*The task*: Exactly the lines from the one containing "Philip Stein Womens" through the end of the records must be reproduced; leave out all pictures.

=== Dataset entries ===

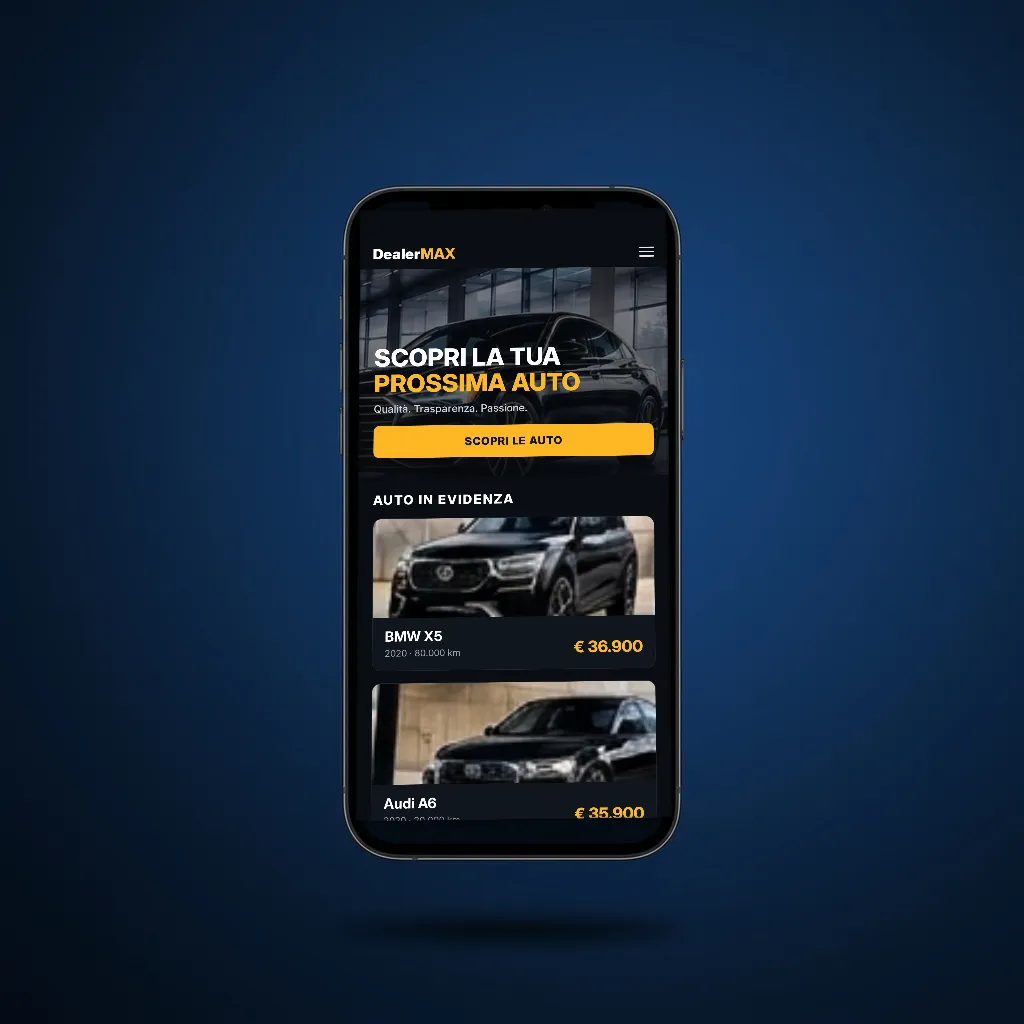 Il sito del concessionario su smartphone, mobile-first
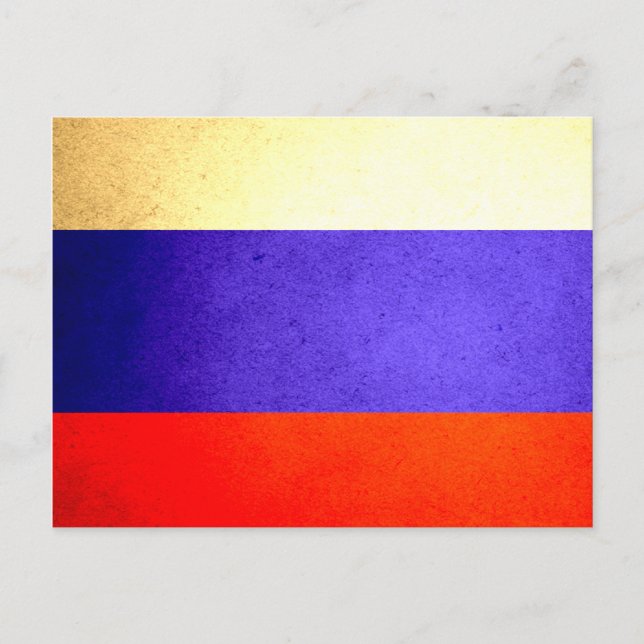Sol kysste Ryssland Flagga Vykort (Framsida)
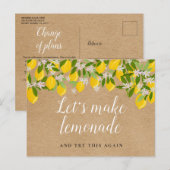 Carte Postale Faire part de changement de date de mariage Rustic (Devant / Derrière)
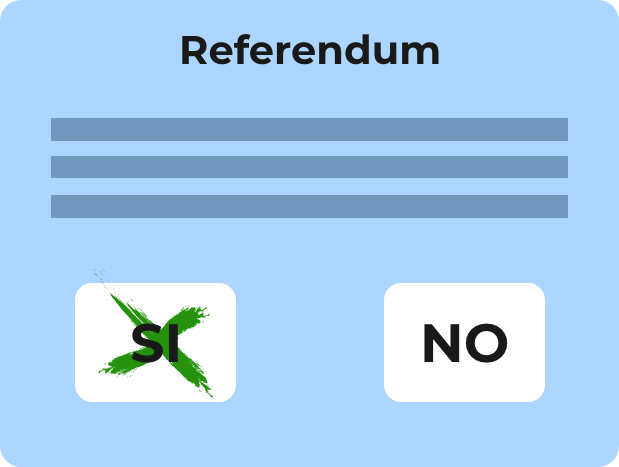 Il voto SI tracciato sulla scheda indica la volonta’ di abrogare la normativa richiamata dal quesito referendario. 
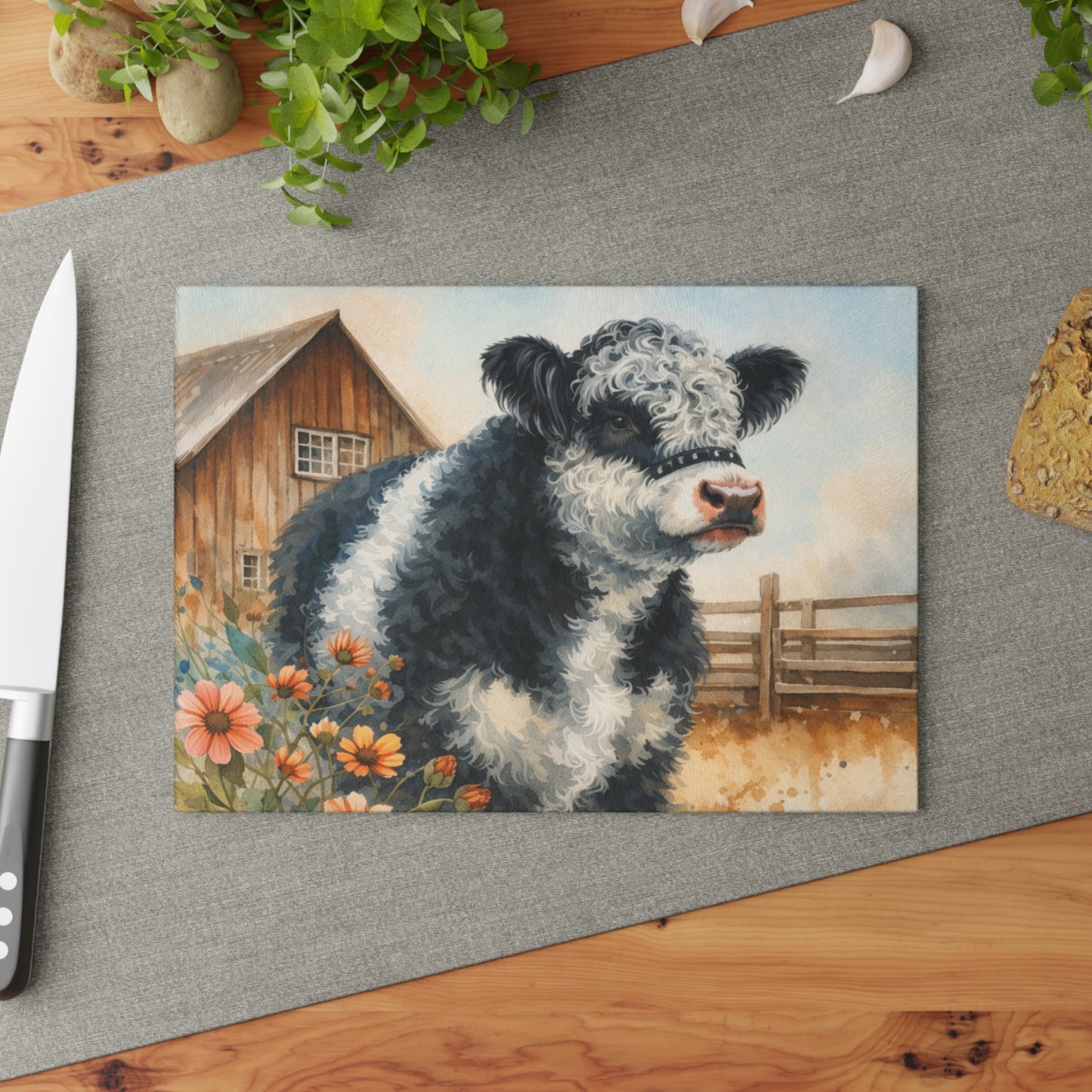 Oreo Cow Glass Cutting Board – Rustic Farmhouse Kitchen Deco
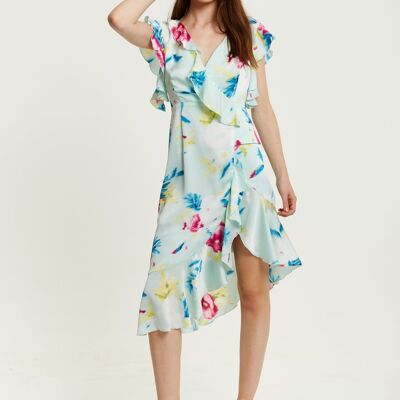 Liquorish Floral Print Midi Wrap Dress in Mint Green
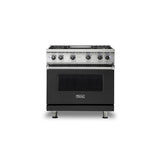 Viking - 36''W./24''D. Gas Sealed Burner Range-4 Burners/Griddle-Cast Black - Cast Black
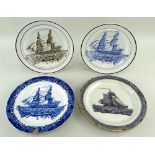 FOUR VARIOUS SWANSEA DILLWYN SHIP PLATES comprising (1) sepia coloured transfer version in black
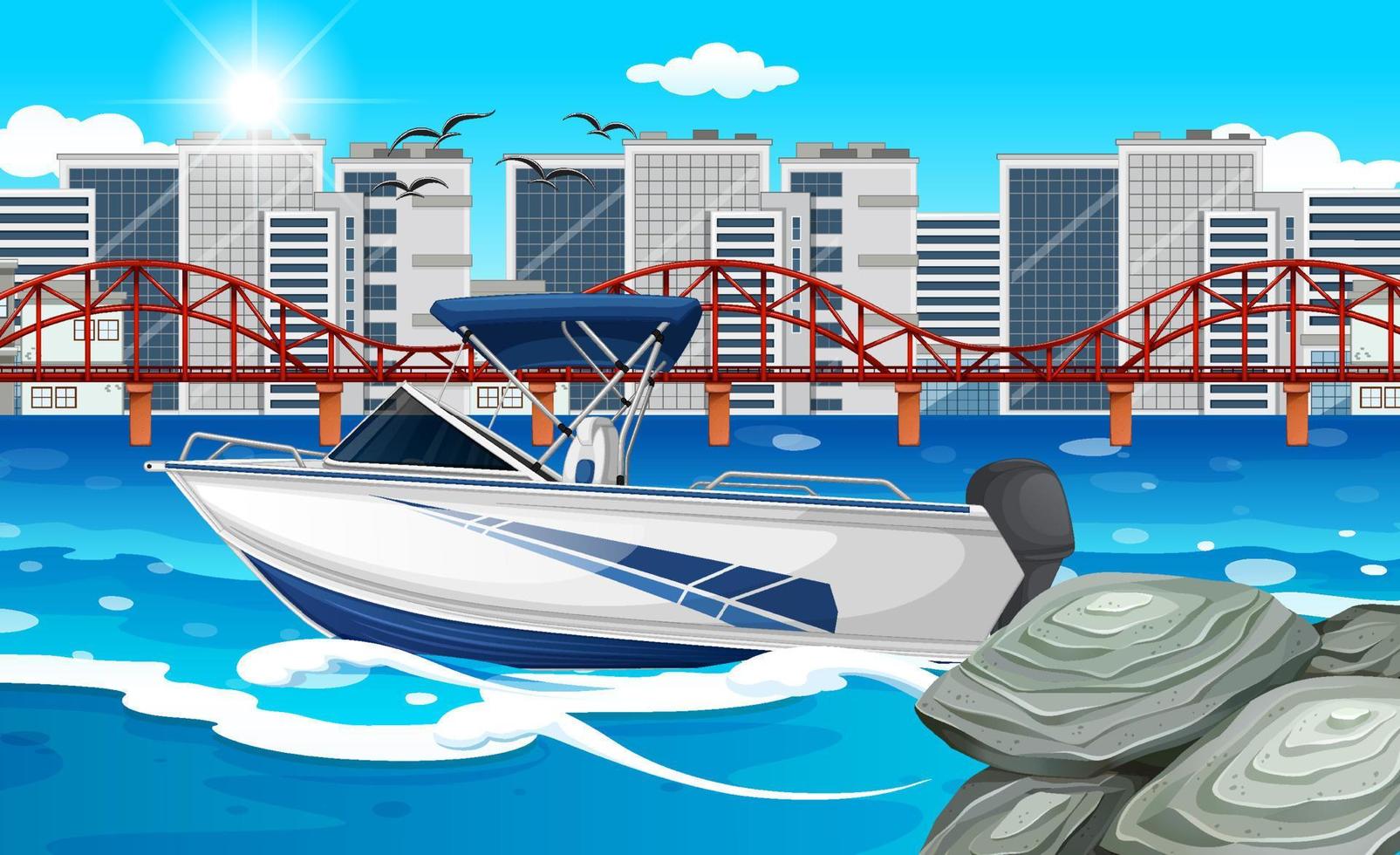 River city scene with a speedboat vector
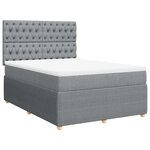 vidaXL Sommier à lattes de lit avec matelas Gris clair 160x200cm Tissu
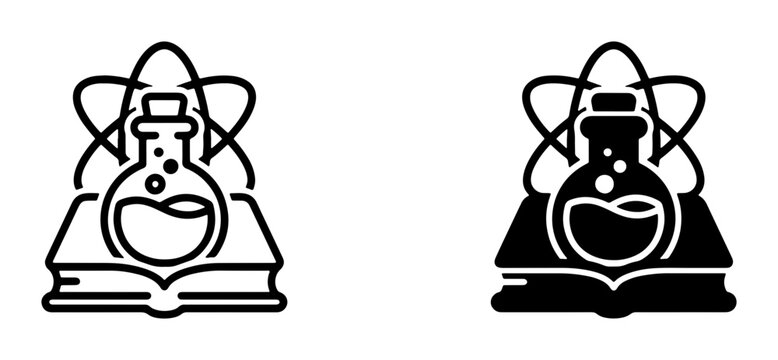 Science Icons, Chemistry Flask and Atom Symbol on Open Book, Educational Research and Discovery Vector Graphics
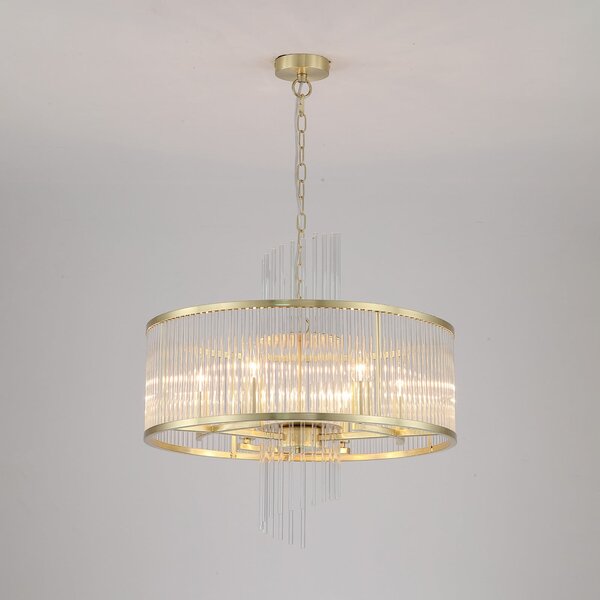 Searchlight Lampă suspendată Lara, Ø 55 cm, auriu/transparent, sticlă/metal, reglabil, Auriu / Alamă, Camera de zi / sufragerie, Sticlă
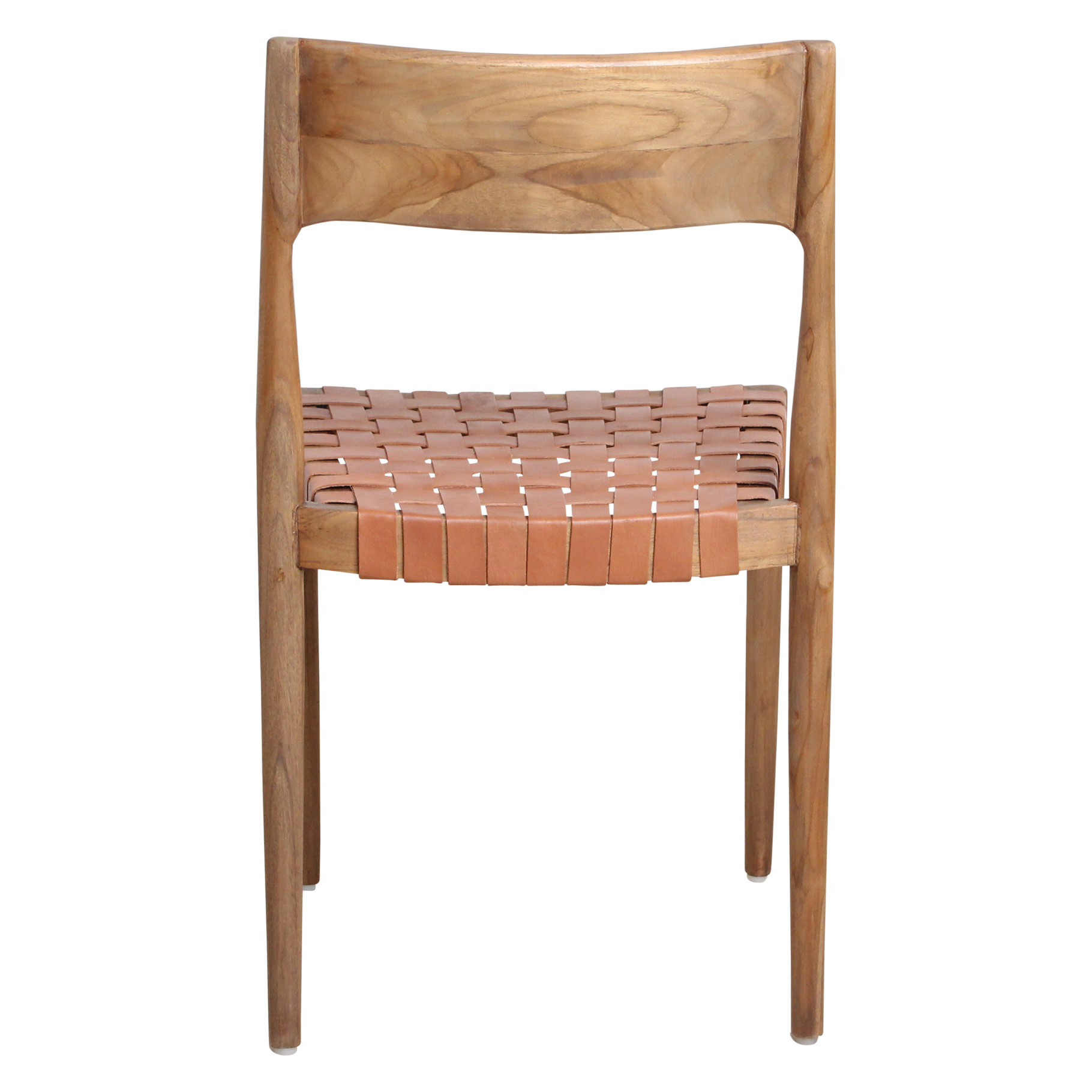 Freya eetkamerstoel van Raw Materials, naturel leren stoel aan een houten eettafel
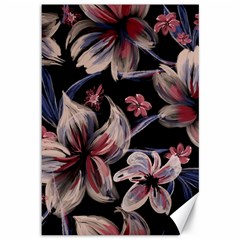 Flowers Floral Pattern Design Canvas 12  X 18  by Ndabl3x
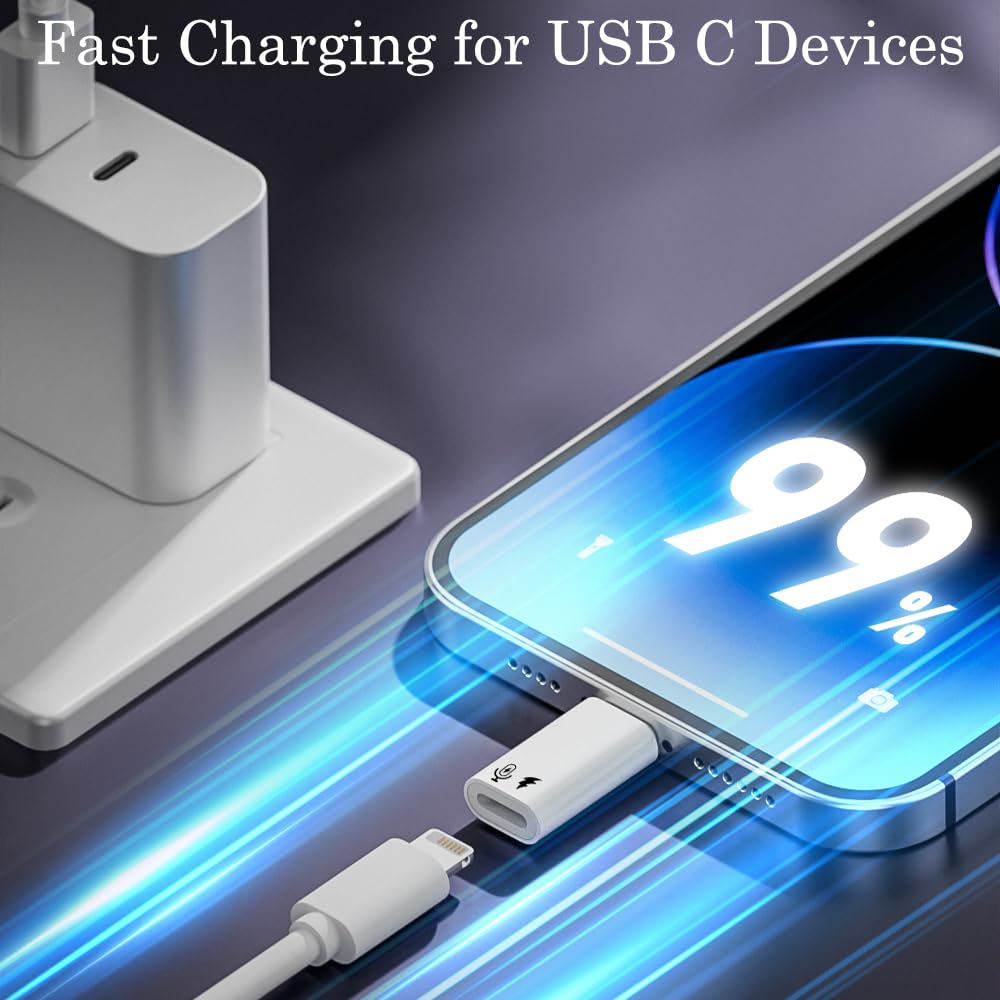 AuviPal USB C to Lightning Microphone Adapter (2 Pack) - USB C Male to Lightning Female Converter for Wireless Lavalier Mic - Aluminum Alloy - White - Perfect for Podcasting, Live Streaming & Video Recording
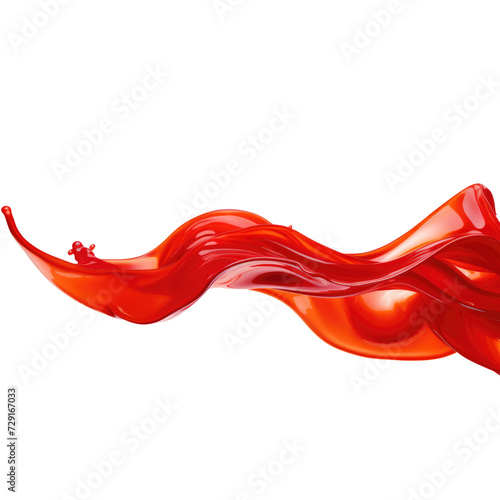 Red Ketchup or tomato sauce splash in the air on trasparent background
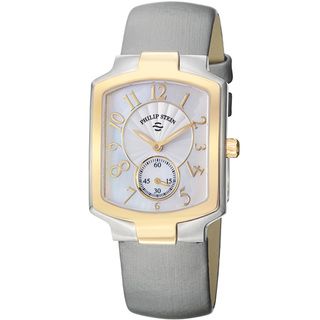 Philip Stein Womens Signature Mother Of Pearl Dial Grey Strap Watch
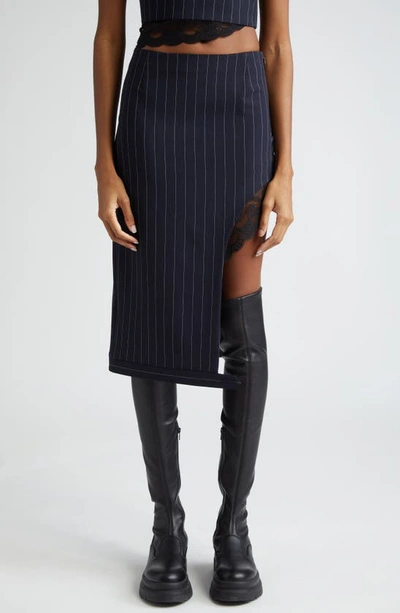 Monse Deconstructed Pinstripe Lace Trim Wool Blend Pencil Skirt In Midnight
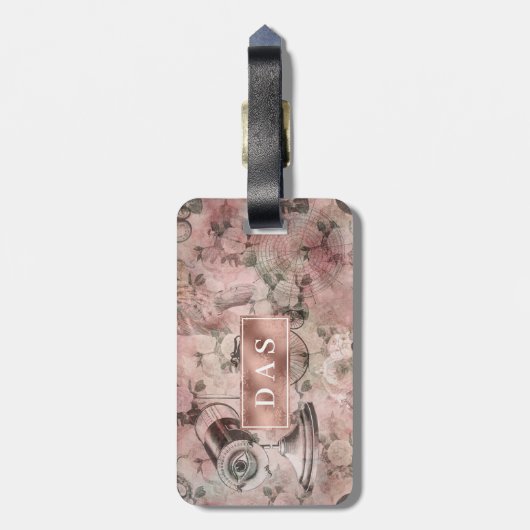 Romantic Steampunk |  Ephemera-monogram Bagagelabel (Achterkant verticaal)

===

*Response to the exercise*:
 Philip Stein Womens Signature Mother Of Pearl Dial Grey Strap Watch
 Monse Deconstructed Pinstripe Lace Trim Wool Blend Pencil Skirt In Midnight
 Romantic Steampunk |  Ephemera-monogram Bagagelabel (Achterkant verticaal)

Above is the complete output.